- _Problem to solve_: The part below that opens with the line containing "Old Navy Red" and closes with the line containing "Used 2023 Chevrolet" should be copied exactly, minus any pictures.

- _Material for this exercise_:
•••••
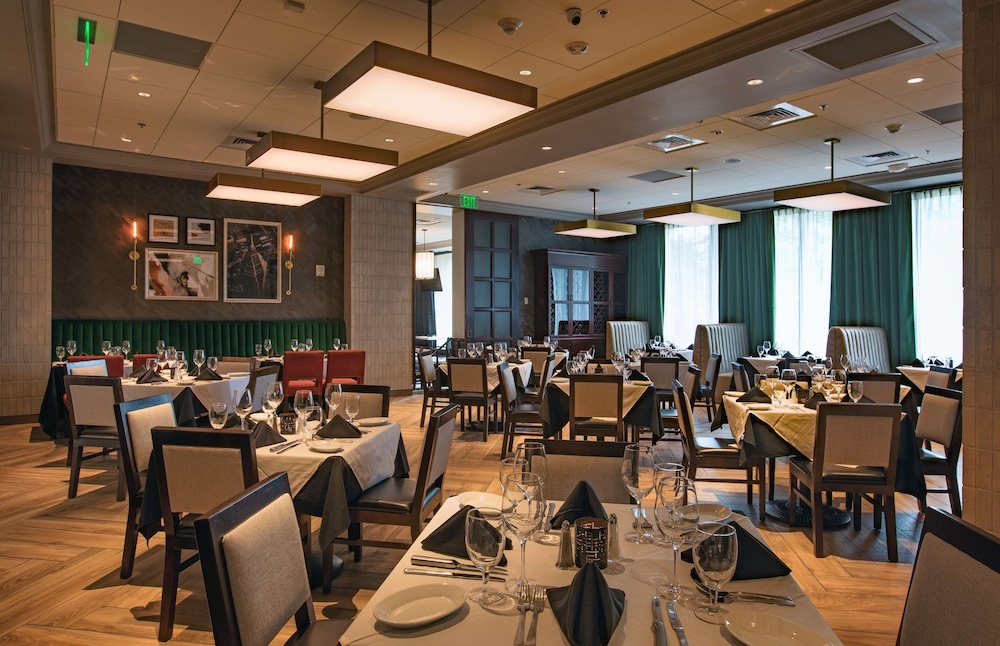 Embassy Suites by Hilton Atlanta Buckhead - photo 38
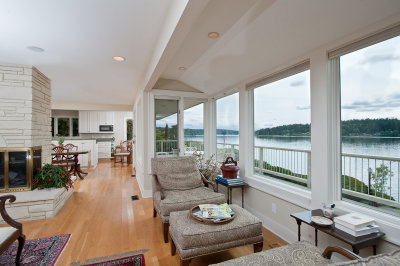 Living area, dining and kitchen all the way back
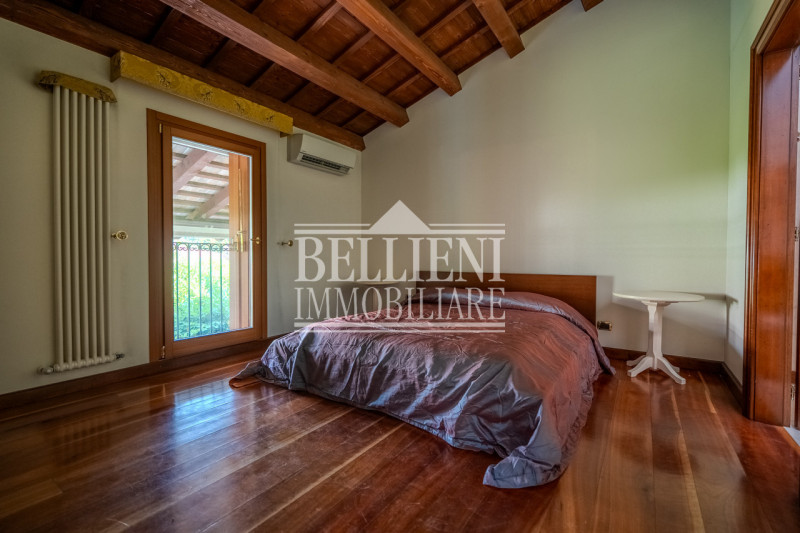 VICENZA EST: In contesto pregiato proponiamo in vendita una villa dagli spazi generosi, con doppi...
•••••
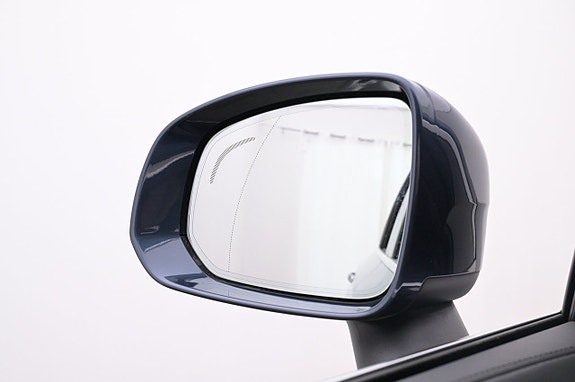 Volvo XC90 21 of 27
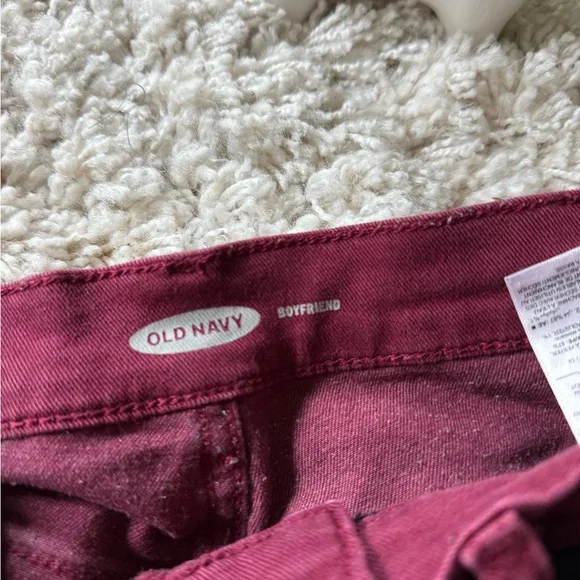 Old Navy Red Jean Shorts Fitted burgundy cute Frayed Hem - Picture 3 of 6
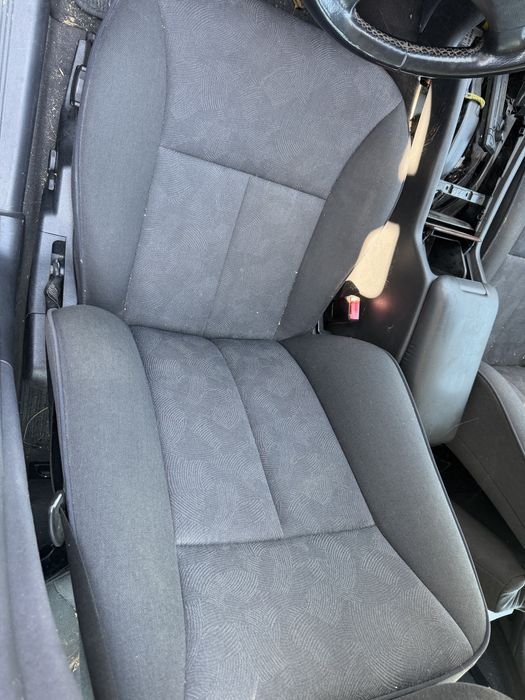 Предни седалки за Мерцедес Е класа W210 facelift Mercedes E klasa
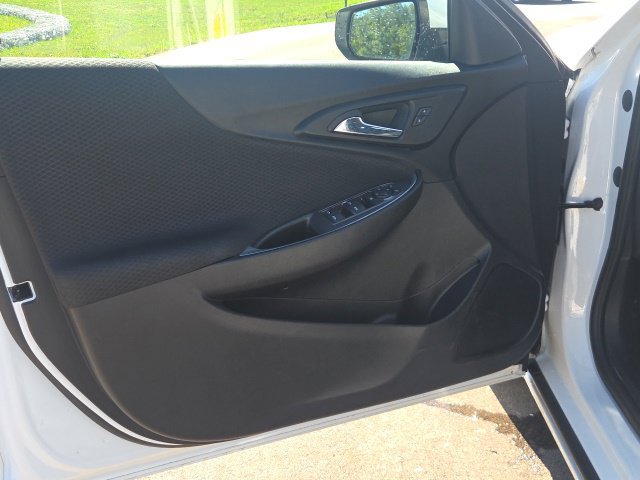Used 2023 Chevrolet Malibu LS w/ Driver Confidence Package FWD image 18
•••••
- _Task answer_:
 Old Navy Red Jean Shorts Fitted burgundy cute Frayed Hem - Picture 3 of 6
 Предни седалки за Мерцедес Е класа W210 facelift Mercedes E klasa
Used 2023 Chevrolet Malibu LS w/ Driver Confidence Package FWD image 18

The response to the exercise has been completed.